Instructions to follow - Beginning with the line that contains "2024 Toyota Corolla Cross LE", restate each line below through the final one exactly, and exclude the pictures.

Given material -
▬▬▬
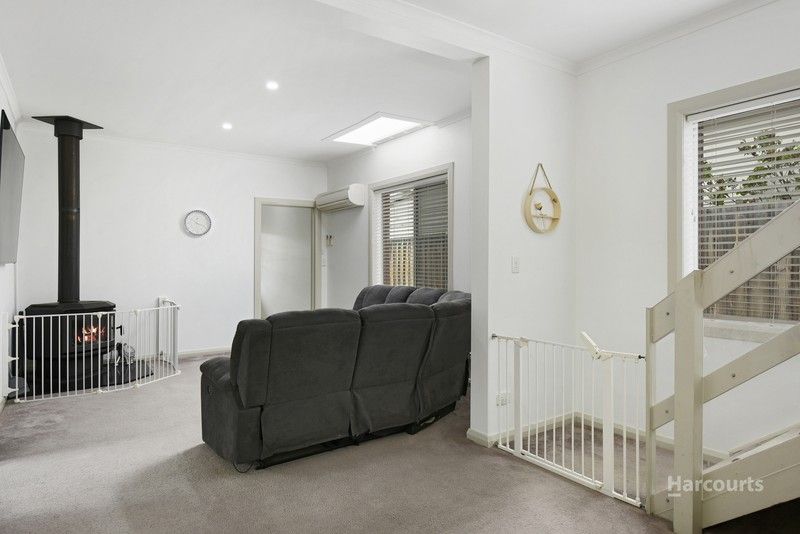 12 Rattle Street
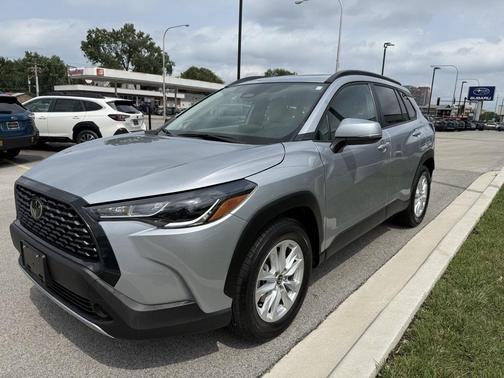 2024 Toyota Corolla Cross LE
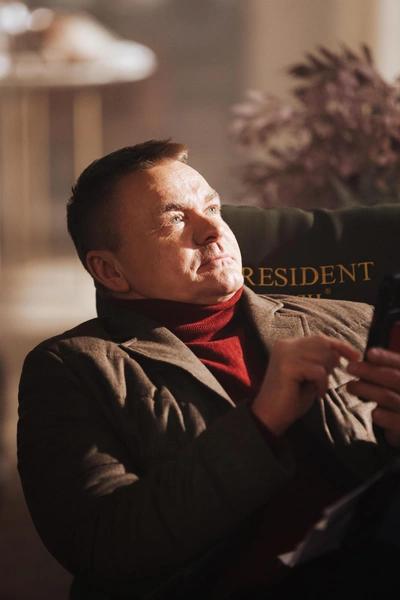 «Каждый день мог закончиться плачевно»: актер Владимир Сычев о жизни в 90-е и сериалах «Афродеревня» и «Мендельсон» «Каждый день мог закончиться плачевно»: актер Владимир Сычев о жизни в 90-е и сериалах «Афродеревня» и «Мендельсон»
▬▬▬
Solution -
 2024 Toyota Corolla Cross LE
 «Каждый день мог закончиться плачевно»: актер Владимир Сычев о жизни в 90-е и сериалах «Афродеревня» и «Мендельсон» «Каждый день мог закончиться плачевно»: актер Владимир Сычев о жизни в 90-е и сериалах «Афродеревня» и «Мендельсон»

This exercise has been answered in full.